Deux ans plus tard, une autre affaire impliquant des textes prohibant la possession d'une arme est venue s'ajouter à la jurisprudence Heller. Considérant que le 2e amendement ne s'applique pas aux États fédérés, la ville de Chicago et le village de Oak Park ont ainsi pris des dispositions visant à interdire la possession d'une arme à feu. La Cour a, une fois de plus, déclaré les textes concernés inconstitutionnels, déclarant que le 2e amendement est «incorporé» en vertu de la clause de procédure régulière («Due Process Clause») du 14e amendement.

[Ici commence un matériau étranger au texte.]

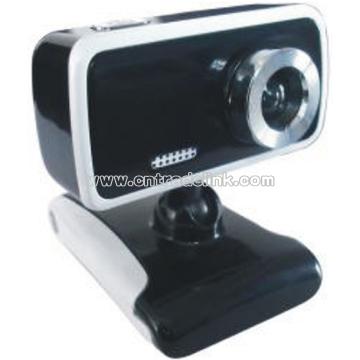 Webcam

«Dans l'affaire Heller, nous avons jugé que le 2e amendement protège le droit de posséder une arme de poing à domicile à des fins d'autodéfense. […] une disposition de la Déclaration des droits qui protège un droit fondamental du point de vue américain s'applique également au gouvernement fédéral et aux États. […] Nous considérons donc que la clause de procédure régulière du 14e amendement incorpore le droit du 2e amendement reconnu dans la décision Heller», conclut ainsi le juge Samuel Alito, auteur de l'opinion de la Cour. Ainsi, les marges de manœuvre du Congrès apparaissent comme particulièrement étroites, conduisant les corps législatif et exécutif à prendre des mesures à la marge.
Le système fédéral, obstacle à une régulation homogène
Compte tenu des particularités du système fédéral américain, il est extrêmement difficile pour le gouvernement fédéral de légiférer de manière homogène sur l'ensemble du territoire. Non seulement les États fédérés demeurent souverains, mais ils peuvent aussi refuser de prêter main forte aux autorités fédérales pour faire appliquer le droit fédéral: cette question fut abordée dans l'affaire «Printz v. United States» de 1997. Quatre ans après la promulgation du «Brady Handgun Violence Prevention Act» (texte exigeant une vérification d'antécédents avant l'achat d'une arme), la puissante National Rifle Association (NRA) a financé de nombreuses actions en justice afin d'aboutir à un jugement déclarant le texte inconstitutionnel car contraire au 10e amendement.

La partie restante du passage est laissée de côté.